2018年をみつめて (過去の教訓から未来を見る)

リーマン・ショックから来年2018年で10年を迎えることになるが、あの時の世界的金融危機で多くの人達が悪影響を蒙ったはずで、日本とて例外ではなかった。それでも勝ち続けていった者もいるし、何ら支障もなかった人々もたくさんいた。職種にもよるだろうが、世界を巻き込んだ金融市場の凋落は日に日に露わになっていった。自己資本力の強い者だけが確実に生き残り、自己資本比率のきわめて低い銀行はみるみる脆弱化していった。アメリカの地銀はサブプライム住宅ローンで貸しはがしに躍起となり、突然の取り立てにわが家を出て行かなくてはならなかった者がたくさんいた。このザブプライム住宅ローンことバブル崩壊の元凶で、全米での資産価格の暴落は歯止めが利かず、アメリカ政府の緊急対策躊躇と逡巡が後手後手となり、金融市場は雪崩のように崩落し世界をも巻き込んだ。リーマン・ブラザーズの破綻は結果的に世界中の消費を冷え込ませ、急激なドル安円高をもたらし、日本の株式市場も日経平均株価が一時6,000円台にまで下落し安値を付けてしまった。

こんな小さな当店でさえ、リーマンショックの影響は大きく、売り上げは前年比4割ダウンにまで至ってしまった。世界規模の警戒感を匂わす消費低迷は、小さなネットショップなどひとたまりもなく呑み込んでしまい、木っ端微塵とまでは言わないにしても、大海の荒波に打たれ、打たれ続けながらも、なぜか海の藻屑とまでは至らなかった。資本のパイが小さいと利益も小さいが損失も小さく、自己資本比率100%の当店は別段借金もないので日常を暮らしてゆく上で何の支障もなかったことは事実だ。しかし、注文額が激減することは店の最大のピンチであって、いくら仕事を頑張ってみたところで客足が少ないとやはり不安からは免れない。そんな日々をいったいその後何年続けていたのだろう。驚くべきは、あらゆる困難にもめげず、前向きな商品開発だけは着実に行われていた企業が世界にはたくさんあったことかもしれない。一方では不正行為と知りつつ粉飾決算でごまかしたり、品質の低下を上手に隠したりと、あの手この手で延命処置をしてゆく企業も続出しているが、まあどの道ごまかしで生きている企業はいつか露顕してユーザーも敬遠してゆくものではあるだろう。株価だけで景気の動向を判断する経営者もいるだろうが、安定して独自性がひときわ目立つ企業には、どこか人間らしさを残しているようにみえるのは、けっして気のせいではないとおもわれる。
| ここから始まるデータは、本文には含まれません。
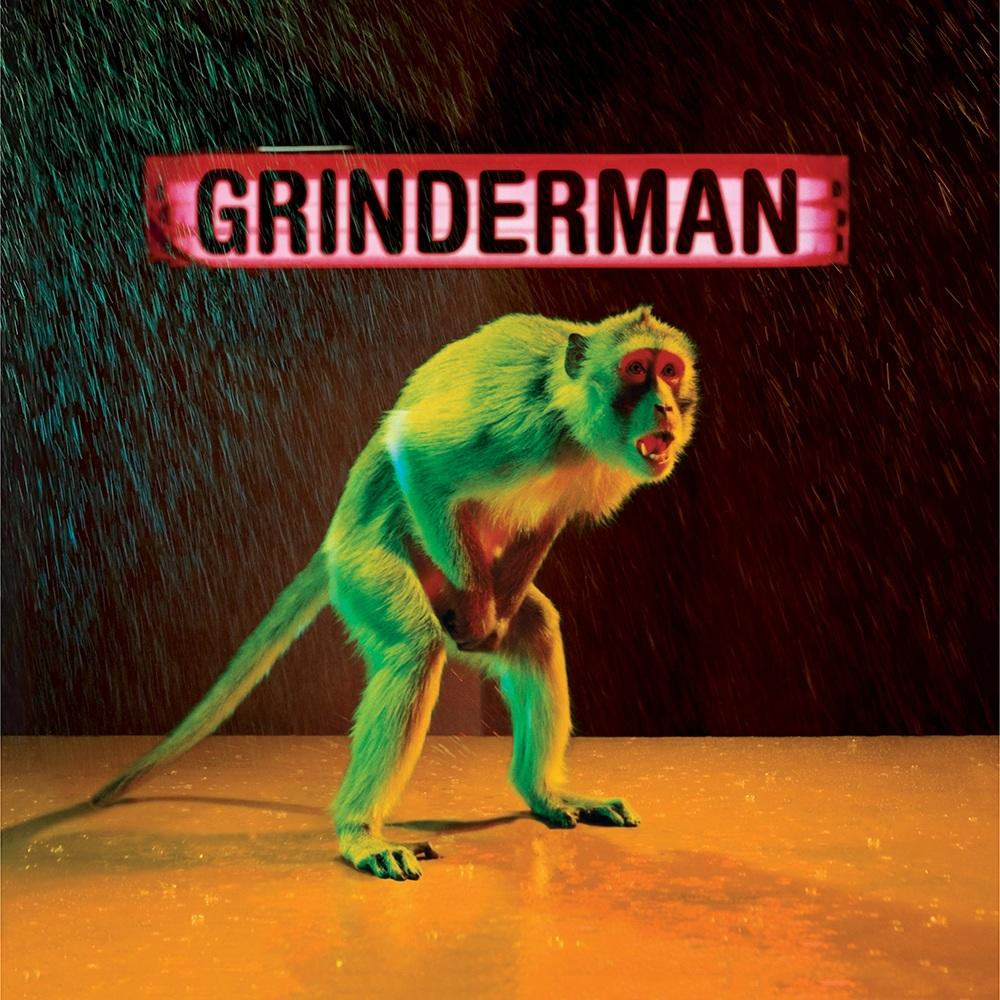 Créature simiesque avec un corps vert et le mot 'Grinderman' sur une enseigne rouge.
誇大広告や非科学的なフレーズには要注意だが、まじめにやって来ましたと言わんばかりの偽装広告も今の時代では何だか怪しいし、誰を信じて、何を信じて、どう騙されずに生きてゆくかは、意外と簡単なことかもしれない。人を見抜く力は、意外と商品の品質を見抜く力と案外比例しているかもしれない。逆に商品の品質を高めることは、人の能力を見抜くことにもつながり、だからと言って、品質の良いものが生産性を高めることにはけっしてつながらないことも人間は学んで来ている。2018年の未来を予測するならば、例えばEV車にしろFCV車にしろ電気自動車が脱石油の方向を目指して大量生産へと基軸転換しようとするなか、まだまだプリウスのようなハイブリットのPHV車がやっと大衆にまで手が届くような価格体系となってきたところなので、完全なる電気自動車がごく普通に大衆に普及するには、いろんな課題が山積みのなか何年越しのメドとなるかは未知数といえる。でも、夢を持つことはいいことだ。大金が神様のように手元に降臨でもしてくれたなら、さぞやいい気持ちでEV車に乗ってドライブでもしてみたいところではある。
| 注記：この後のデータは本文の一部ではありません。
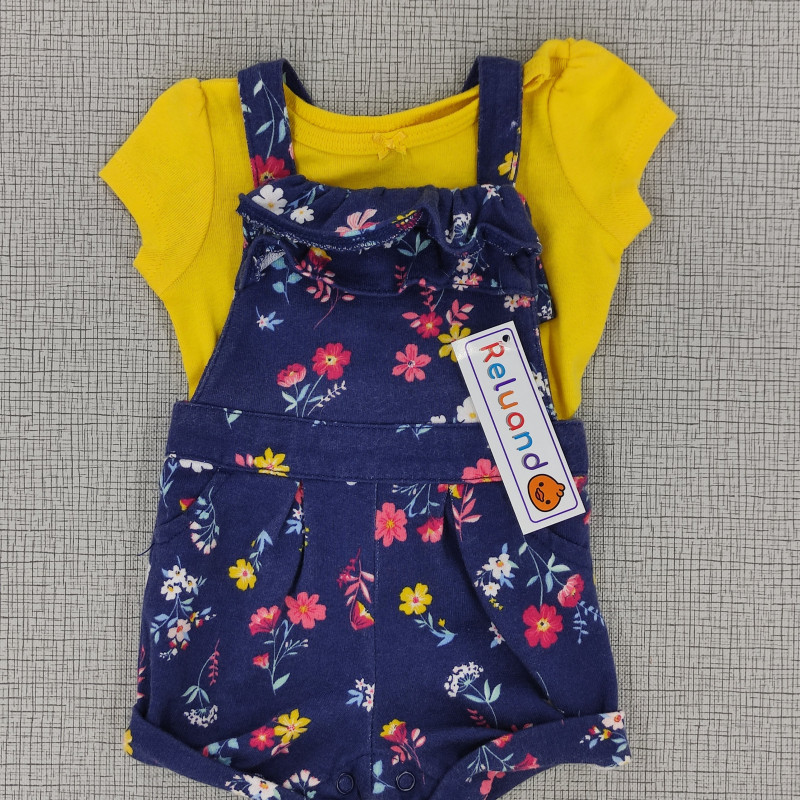Conjunto overol azul oscuro y blusa amarilla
しかし、クルマにまったく興味がない若者たちが増えているとよくメディアで取り上げられているが、クルマに興味がないからといって、夢を持っていないわけではない。いろんな若い人たちがさまざまな夢を抱いて、生かされている自分の個性を大事に活かしながら頑張っているように私にはみえる。結婚して自分の家を建て、家族をつくりあげてゆくのも立派な夢だし、職業が何であれ、仕事に励む姿はうつくしいと思う。もし私がもっと若ければ、デザイナー養成学校にいってプロのデザイナーを目指すか、演劇科の大学を卒業して映画界の仕事に携われるような職業に就きたいと思う。作家への道も諦めてはいないが、こちらにはタイムリミットがありそうだ。未来が持てる若い時の時間は、本当に貴重な時期ではある。つくづく挫折だらけの私の人生は親不孝者だったに違いない。天国のかあちゃん、とうちゃん、すまねえ。
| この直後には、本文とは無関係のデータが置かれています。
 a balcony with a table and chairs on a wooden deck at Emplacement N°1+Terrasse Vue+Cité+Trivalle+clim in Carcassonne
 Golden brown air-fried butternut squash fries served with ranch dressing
文章がやはりひょんな具合に曲折してしまったが、こんな私の2018年未来予想図は所詮こんなもんだったようだ。パーツ屋のおじちゃんが身の丈に合わないような経済情勢の動向を発信したところで、世界がどうなるものでもないのに。それにしても、2017年は本当に忙しかったなあ。次から次へとお客さんが来てくださるし、商品出荷に追われる毎日には感謝感謝、本当にありがとうございました。ここのページにだけ、こっそりとお知らせしておきますね。実は現在、拡張版フルカワエレクトロン2のWebを構築中です。ささやかな増築ですが、さして取り柄もない弊社です。IT能力の薄い当店ではありますが、少しでも楽しんでいただけるようなショップづくりを目指しています。商品の種類が少なくて、ごめんなさい。余計な「くつろぐインフォーメーション」がやたら多い当店は、それでもリーマン・ショック以降、当時よりも回復してまして、こんなアナログショップですが、少しは世間のお役に立っているようなので、どうぞ来年も引き続きご愛顧のほど宜しくお願い致します。ちょっと早いですが、メリークリスマス! 皆様に良い年末年始が来ますように! いい年をお迎えくださいませ。